Однако ответить на подобные вопросы старый шкипер не мог, так как никогда не имел дела с военным флотом, а все переговоры его судна сводились к флажному семафору и морзянке фонарем. Да, сигнальные книги и карты он уничтожил, но такова инструкция в военное время. Однако все прочие судовые документы предоставил по требованию командира остановившего его корабля. Делится сейчас знаниями о поведении штормов только потому, что отвечает за каждого моряка из своего экипажа перед их семьями и не хочет напрасной гибели кормильцев.
Для окончательного решения Небогатов приказал опросить также штурмана с этого парохода и других гражданских моряков. Все они с момента попадания на наши корабли содержались в трех разных кубриках отдельно от военных и под постоянным наблюдением, так что не могли сговориться. Этот перекрестный опрос через час с небольшим также выдал рекомендуемый курс на юг, юго-восток или восток, но категорически не на север.

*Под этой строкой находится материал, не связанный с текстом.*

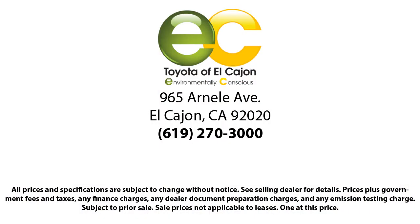Since 1990, family-owned Toyota of El Cajon has been proudly serving our friends and neighbors with the best customer service in the business. We are rated the number one volume Toyota dealer in Metro San Diego, and we credit that to our low-pressure, family-oriented, and easy-going staff.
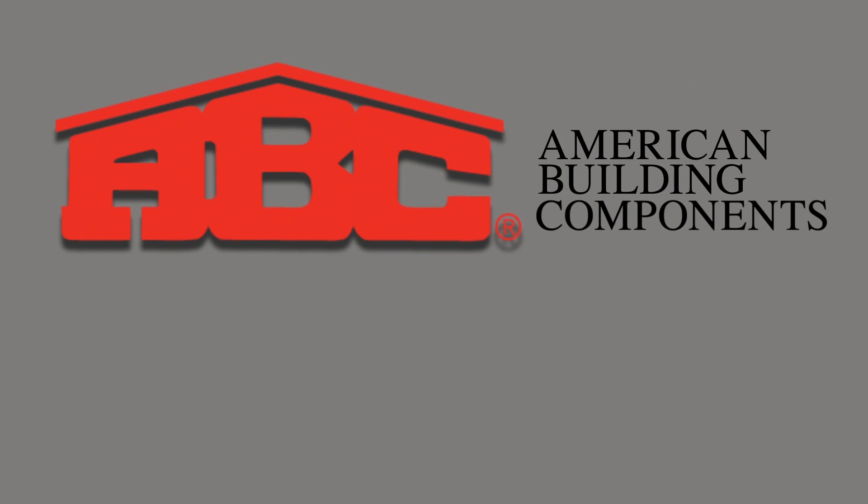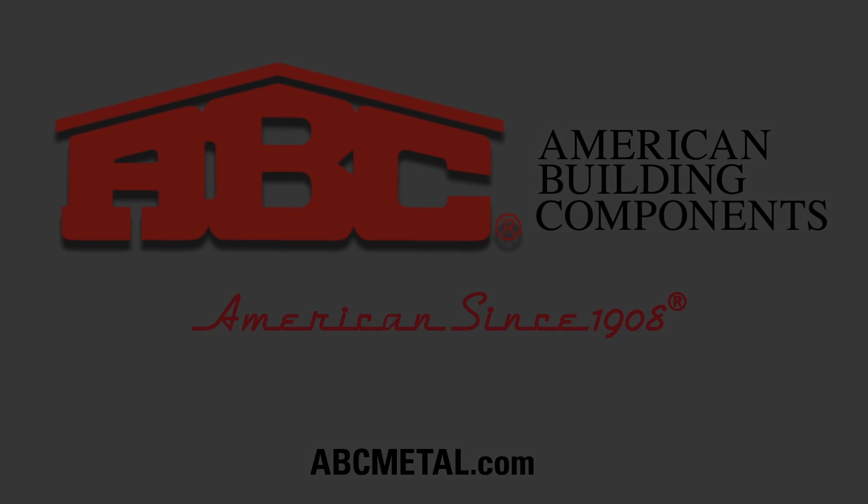To find out how you can experience the ABC difference, visit our website at abcmetal.com or contact your local sales office where a friendly and knowledgeable team member can assist. Thank you.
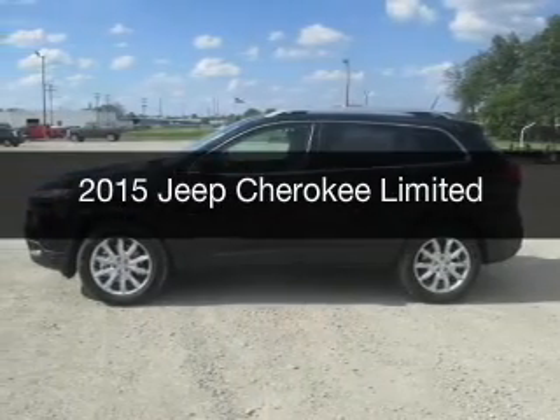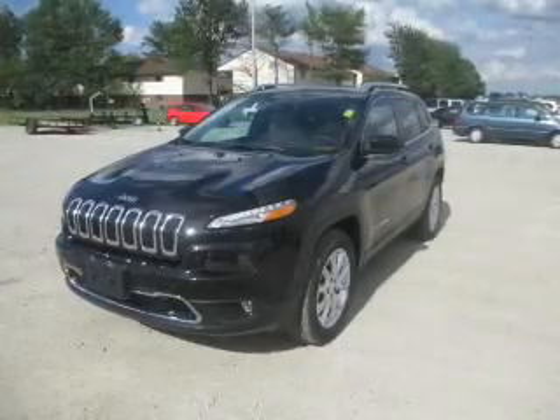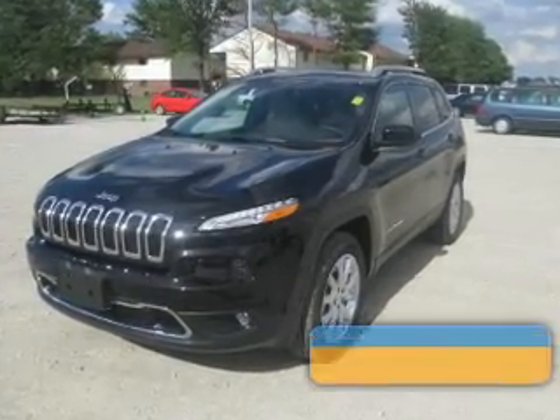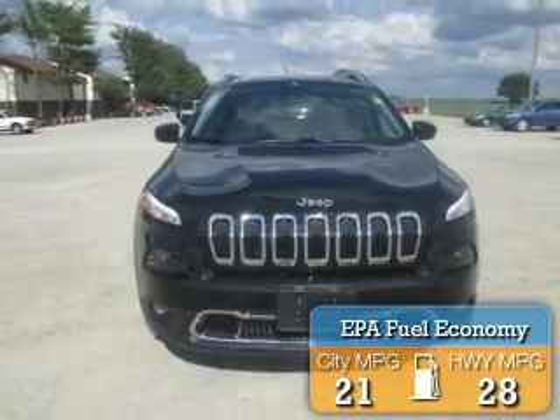This is a new 2015 Jeep Cherokee. It's powered by 4-wheel drive, a 6-cylinder engine, and an automatic transmission. Great fuel efficiency saves you money by requiring fewer trips to the gas station.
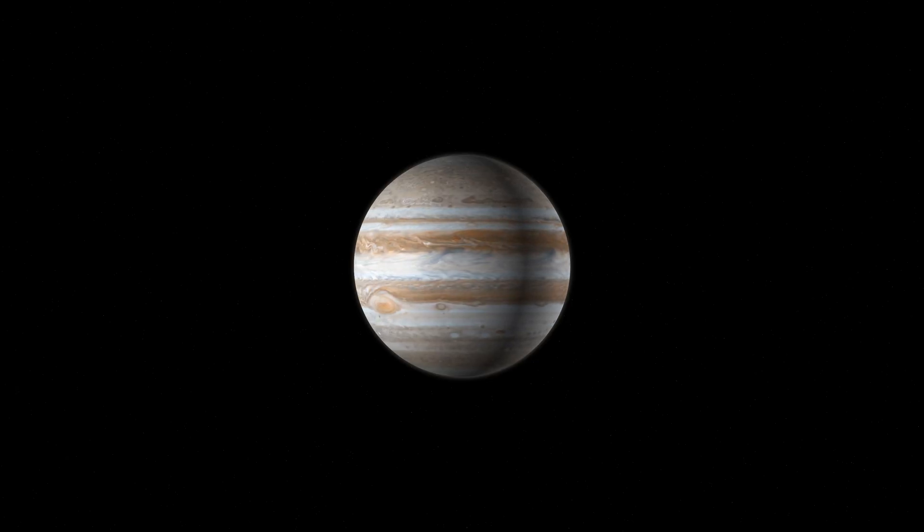Look at Jupiter. It's the largest planet in our solar system. It's like a gigantic ball of gas with swirling storms and a famous great red spot. It's so huge that it could fit more than a thousand Earths. Imagine exploring a planet that's like a giant, colorful playground.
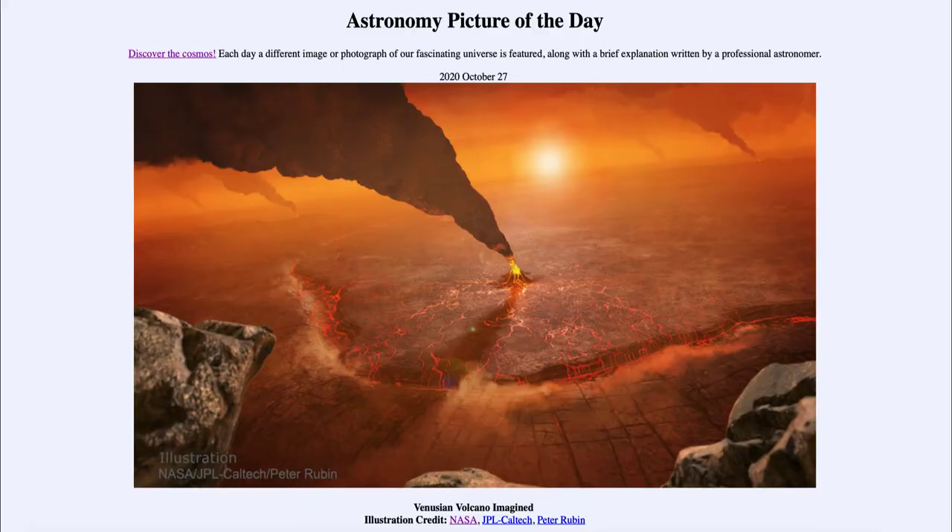Greetings and welcome to the introduction to astronomy. One of the things I like to do in each of my introductory astronomy classes is to begin the class with the Astronomy Picture of the Day from the NASA website, APOD.NASA.GOV/APOD. Today's picture, for October the 27th of 2020, is titled 'Venusian Volcano Imagined.'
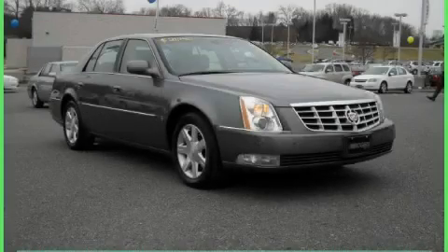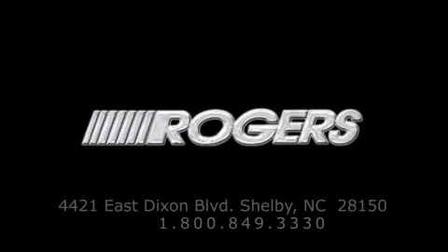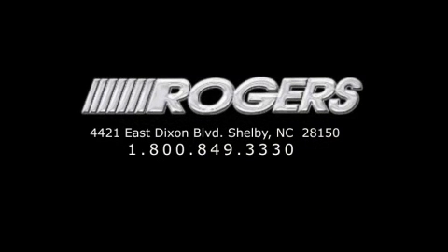Stop by today and test drive this car for yourself. Thanks for watching another fine vehicle from Rogers Auto Group. Give us a call today at 1-800-849-3330. You'll do better at Rogers.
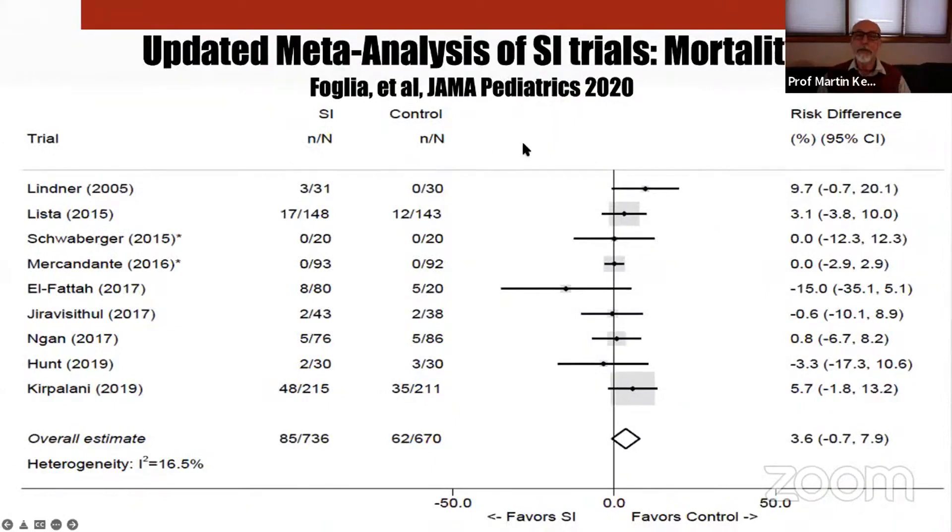There was a lot of interest in sustained inflation — exposing babies to a prolonged inspiration, typically 10 to 15 seconds — based on the rationale that fluid is more viscous than air and requires longer inspiratory time. However, a large randomized trial conducted with Harish Kirpalani and Peter Davis, added to an updated meta-analysis, clearly showed no benefit in survival and no benefit in reduction of chronic lung disease. The sustained inflation enthusiasm has rapidly faded.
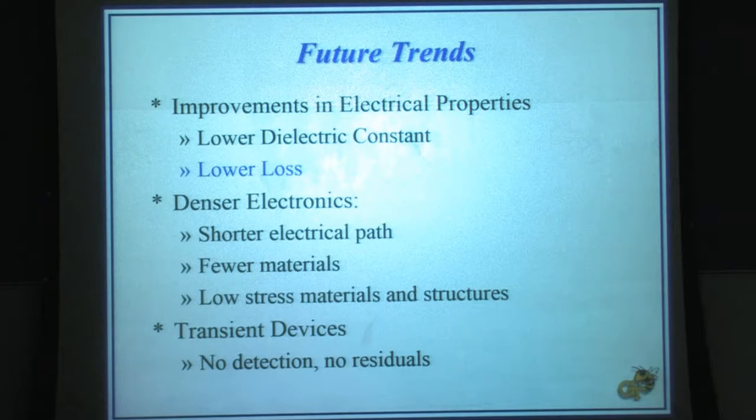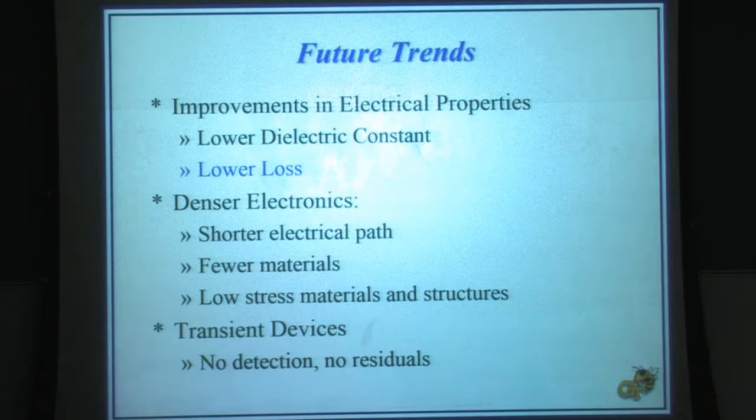In summary: for the electronics industry, the loss tangent in particular is a critical value that must be decreased, and any economical way to do so is of great interest. Electronics will continue to be denser, with less material, shorter path lengths, and lower stress because removing materials removes buffers between dissimilar materials, minimizing the coefficient of thermal expansion penalty. And lastly, this is a new area — transient devices — either for no-detection applications or to avoid collection and disposal problems. Thank you.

Все допрашиваемые были единодушны в утверждении, что в такую погоду лезть в самую середину бури небезопасно даже самым большим кораблям.
К этому времени быстро крепчавший ветер уже достиг девяти баллов и продолжал набирать силу. Волнение также заметно усилилось. Все на эскадре не раз помянули добрым словом старшего механика «Днепра», распорядившегося сразу подавать для буксировки якорную цепь, а не простой канат. Да, возились дольше, зато теперь, заведенная за кормовую надстройку и грузовое хозяйство заднего трюма «Урала», дополнительно расстропленная всем, чем только смогли, она с лязгом и грохотом доламывала ему палубу юта, но на волнах не рвалась, гася провисом своих стальных тонн особо сильные рывки.